The applications of frequency-selective excitation methods in Fourier transform NMR are discussed, and a simple technique is described for selective excitation of a narrow frequency region of a high-resolution NMR spectrum in a Fourier transform spectrometer. A regular sequence of identical radiofrequency pulses of small flip angle exerts a strong cumulative effect on magnetizations close to resonance with the transmitter frequency or one of a set of equally spaced sidebands separated by the pulse repetition rate. All other magnetizations precess through an incomplete number of full rotations between pulses, and are caught by successive pulses at an ever changing phase of their precession, which destroys the cumulative effect. The motion of the various nuclear magnetization vectors may be described pictorially according to the Bloch equations, neglecting relaxation during the pulse sequence. A general theory is presented for selective or “tailored” excitation by an arbitrary modulation of the radiofrequency transmitter signal. It confirms earlier conclusions that the frequency-domain excitation spectrum corresponds to the Fourier transform of the transmitter modulation pattern, provided that the NMR response remains linear.
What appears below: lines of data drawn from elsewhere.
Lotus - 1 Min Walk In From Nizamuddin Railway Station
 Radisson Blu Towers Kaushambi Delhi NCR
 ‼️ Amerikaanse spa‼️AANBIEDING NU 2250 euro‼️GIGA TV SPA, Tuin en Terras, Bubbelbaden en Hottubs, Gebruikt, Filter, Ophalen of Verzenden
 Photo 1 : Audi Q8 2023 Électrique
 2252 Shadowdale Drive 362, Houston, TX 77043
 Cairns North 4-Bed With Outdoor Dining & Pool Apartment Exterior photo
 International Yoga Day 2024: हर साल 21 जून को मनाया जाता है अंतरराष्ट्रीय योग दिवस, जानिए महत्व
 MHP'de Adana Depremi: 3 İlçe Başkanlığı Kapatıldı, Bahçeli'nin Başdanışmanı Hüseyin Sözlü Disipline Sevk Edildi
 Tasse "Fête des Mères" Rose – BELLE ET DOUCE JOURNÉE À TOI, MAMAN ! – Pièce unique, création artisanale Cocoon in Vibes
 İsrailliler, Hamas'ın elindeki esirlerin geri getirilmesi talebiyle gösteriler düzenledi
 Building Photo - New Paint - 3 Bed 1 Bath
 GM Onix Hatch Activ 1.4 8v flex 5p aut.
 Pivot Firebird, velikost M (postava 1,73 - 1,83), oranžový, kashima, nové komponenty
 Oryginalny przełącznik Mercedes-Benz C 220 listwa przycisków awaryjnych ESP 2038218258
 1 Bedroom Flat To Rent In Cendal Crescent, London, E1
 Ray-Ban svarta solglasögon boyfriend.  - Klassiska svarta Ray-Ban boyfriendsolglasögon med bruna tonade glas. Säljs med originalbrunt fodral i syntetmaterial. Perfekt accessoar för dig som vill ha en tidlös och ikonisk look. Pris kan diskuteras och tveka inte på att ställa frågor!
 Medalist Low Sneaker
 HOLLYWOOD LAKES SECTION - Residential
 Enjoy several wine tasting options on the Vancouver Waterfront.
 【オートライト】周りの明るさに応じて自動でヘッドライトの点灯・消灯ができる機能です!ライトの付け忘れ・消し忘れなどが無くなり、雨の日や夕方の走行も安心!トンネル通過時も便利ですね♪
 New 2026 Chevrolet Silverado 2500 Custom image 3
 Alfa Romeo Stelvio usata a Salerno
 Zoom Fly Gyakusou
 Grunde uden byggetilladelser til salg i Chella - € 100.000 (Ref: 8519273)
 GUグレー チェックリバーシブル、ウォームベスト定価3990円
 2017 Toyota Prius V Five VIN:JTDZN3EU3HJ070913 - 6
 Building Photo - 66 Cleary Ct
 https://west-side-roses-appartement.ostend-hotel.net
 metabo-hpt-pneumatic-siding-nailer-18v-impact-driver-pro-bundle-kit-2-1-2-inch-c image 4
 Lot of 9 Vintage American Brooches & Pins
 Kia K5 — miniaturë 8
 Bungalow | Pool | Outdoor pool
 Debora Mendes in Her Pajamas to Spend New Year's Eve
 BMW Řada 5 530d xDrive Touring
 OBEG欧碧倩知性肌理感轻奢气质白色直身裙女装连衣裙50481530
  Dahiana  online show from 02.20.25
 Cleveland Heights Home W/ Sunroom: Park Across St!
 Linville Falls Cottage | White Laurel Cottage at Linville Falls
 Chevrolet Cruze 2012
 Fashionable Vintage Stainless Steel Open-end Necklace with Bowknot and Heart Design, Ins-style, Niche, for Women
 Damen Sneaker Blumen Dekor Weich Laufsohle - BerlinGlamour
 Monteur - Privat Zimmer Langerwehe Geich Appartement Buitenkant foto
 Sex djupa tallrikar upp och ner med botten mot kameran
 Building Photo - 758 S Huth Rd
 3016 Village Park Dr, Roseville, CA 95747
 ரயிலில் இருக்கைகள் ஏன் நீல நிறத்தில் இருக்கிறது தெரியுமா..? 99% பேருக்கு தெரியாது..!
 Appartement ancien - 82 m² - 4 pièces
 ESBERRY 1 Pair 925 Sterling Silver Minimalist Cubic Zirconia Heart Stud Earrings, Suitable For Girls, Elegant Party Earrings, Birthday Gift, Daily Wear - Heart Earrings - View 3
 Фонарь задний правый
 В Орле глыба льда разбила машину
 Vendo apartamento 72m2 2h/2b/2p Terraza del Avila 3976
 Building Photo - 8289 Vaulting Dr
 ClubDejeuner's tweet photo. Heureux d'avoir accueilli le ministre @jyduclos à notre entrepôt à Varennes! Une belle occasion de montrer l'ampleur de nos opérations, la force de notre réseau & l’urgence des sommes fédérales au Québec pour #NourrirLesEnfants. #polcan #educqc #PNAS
The excitation spectra calculated for the selective pulse sequence by these two alternative approaches show good agreement within their respective limitations. A number of practical applications of selective excitation are explored, including solvent peak suppression, the detection of partial spectra from individual chemical sites, selective studies of relaxation and slow chemical exchange, and holeburning or localized saturation.